*TASK DIRECTIONS:*
Here is the listing. Print it exactly.

*DATA EXCERPT:*
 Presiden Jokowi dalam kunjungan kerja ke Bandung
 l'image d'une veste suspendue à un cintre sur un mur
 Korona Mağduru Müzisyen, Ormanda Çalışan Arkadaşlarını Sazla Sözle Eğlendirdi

*WRITTEN SOLUTION:*
 Presiden Jokowi dalam kunjungan kerja ke Bandung
 l'image d'une veste suspendue à un cintre sur un mur
 Korona Mağduru Müzisyen, Ormanda Çalışan Arkadaşlarını Sazla Sözle Eğlendirdi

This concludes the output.